Inside Region 3
Midwest Region
Select this button stylePrint Friendly

Piping Plover (U.S. Fish and Wildlife Service photo)
Piping Plover (U.S. Fish and Wildlife Service photo)

2012 A Good Year for Great Lakes Piping Plovers

By Vince Cavalieri
Great Lakes Piping Plover Coordinator
East Lansing, Michigan

In 2012, endangered piping plovers in the Great Lakes experienced the third highest number of chicks fledged since the recovery program began.  A total of 58 nesting pairs established 64 nests; from these nests, 193 chicks hatched and 121 chicks fledged in the wild.  The year also marked the second highest ratio of chicks fledged per pair ever recorded for the program. 

Locations with especially high fledge rates included Whitefish Point which fledged 11 out of 12 chicks; Tawas Point State Park, which  fledged eight out of eight chicks; Grand Marais, with seven out of 10 chicks; and Sleeping Bear Dunes, which once more led the way with 45 chicks fledged. 

Approximately 15 plover monitors were hired through various partner groups to monitor plovers at different locations throughout Michigan.  Additionally, dozens of volunteers spent time assisting with different monitoring efforts.  Where possible, protective exclosures are built around all the piping plover nests in the Great Lakes, and the nests are regularly monitored to protect them from disturbance and predators. 
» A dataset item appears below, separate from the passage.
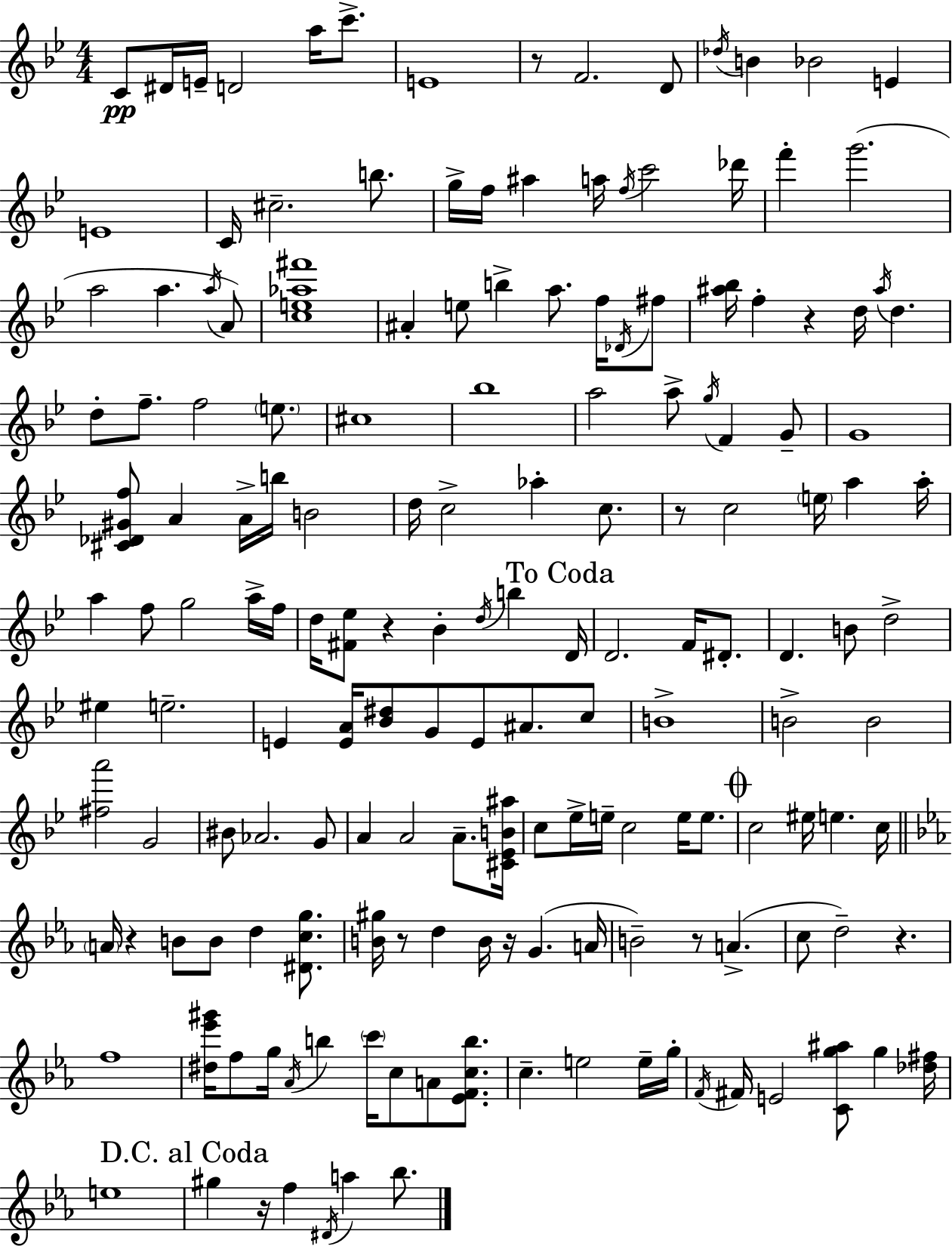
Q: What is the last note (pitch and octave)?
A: Bb5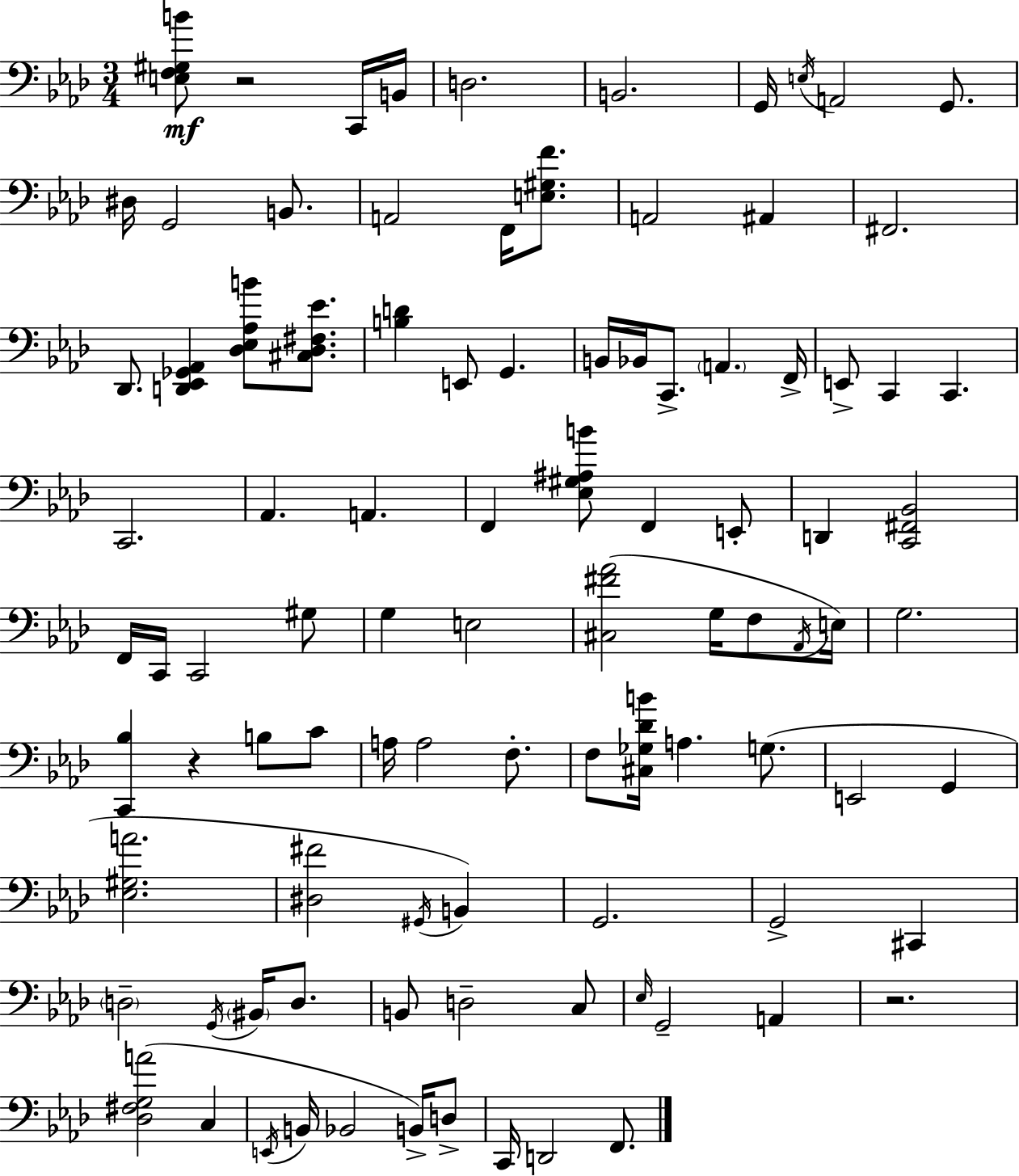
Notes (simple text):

[E3,F3,G#3,B4]/e R/h C2/s B2/s D3/h. B2/h. G2/s E3/s A2/h G2/e. D#3/s G2/h B2/e. A2/h F2/s [E3,G#3,F4]/e. A2/h A#2/q F#2/h. Db2/e. [D2,Eb2,Gb2,Ab2]/q [Db3,Eb3,Ab3,B4]/e [C#3,Db3,F#3,Eb4]/e. [B3,D4]/q E2/e G2/q. B2/s Bb2/s C2/e. A2/q. F2/s E2/e C2/q C2/q. C2/h. Ab2/q. A2/q. F2/q [Eb3,G#3,A#3,B4]/e F2/q E2/e D2/q [C2,F#2,Bb2]/h F2/s C2/s C2/h G#3/e G3/q E3/h [C#3,F#4,Ab4]/h G3/s F3/e Ab2/s E3/s G3/h. [C2,Bb3]/q R/q B3/e C4/e A3/s A3/h F3/e. F3/e [C#3,Gb3,Db4,B4]/s A3/q. G3/e. E2/h G2/q [Eb3,G#3,A4]/h. [D#3,F#4]/h G#2/s B2/q G2/h. G2/h C#2/q D3/h G2/s BIS2/s D3/e. B2/e D3/h C3/e Eb3/s G2/h A2/q R/h. [Db3,F#3,G3,A4]/h C3/q E2/s B2/s Bb2/h B2/s D3/e C2/s D2/h F2/e.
A research team from the University of Minnesota travels among all of our piping plover sites to band the chicks and adults.  They also help locate and monitor nests, help at the captive rearing facility and conduct research on the piping plover population.

Piping Plover (U.S. Fish and Wildlife Service photo)
Piping Plover (U.S. Fish and Wildlife Service photo)

Some highlights for the year include:

  • Sleeping Bear Dunes has, by far, the largest concentration of breeding Great Lakes Piping Plovers.  In 2012, 22 pairs nested at the park, roughly 38 percent of the entire Great Lakes population.  With the help of Great Lakes Restoration Initiative dollars, Sleeping Bear Dunes National Lakeshore was able to dedicate up to five staff, whose duties included piping plover monitoring during the 2012 breeding season, plus time for Law Enforcement to help with the effort.  A nest on the Lakeshore’s South Manitou Island was the first recorded there since recovery efforts began.
  • Although plovers have attempted to nest at Tawas Point several times in recent years, there has not been a successful nest at the park since the Great Lakes Piping Plover recovery program began.  That changed in 2012 as two different pairs of Great Lakes piping plovers nested at Tawas Point State Park and fledged an excellent eight chicks out of eight eggs laid.
  • Port Inland had two piping plover pairs in 2012 that initiated two nests; two chicks fledged, both from the same nest.  Interestingly, the male from that nest was a plover from the Great Plains in Manitoba. We believe this is the first time a plover from one of the other two populations bred successfully in the Great Lakes.
  • The Captive Rearing Facility, located at the University of Michigan Biological Station, near Pellston, Michigan, once again took in eggs and chicks that were abandoned due to weather, predation or some other factor.  Dozens of volunteer zoo keepers from zoos across the country, including Disney’s Animal Kingdom, The National Zoo, The Detroit Zoo and many others help incubate eggs and raise chicks that were then released into the wild, at the end of the season, with other wild piping plovers.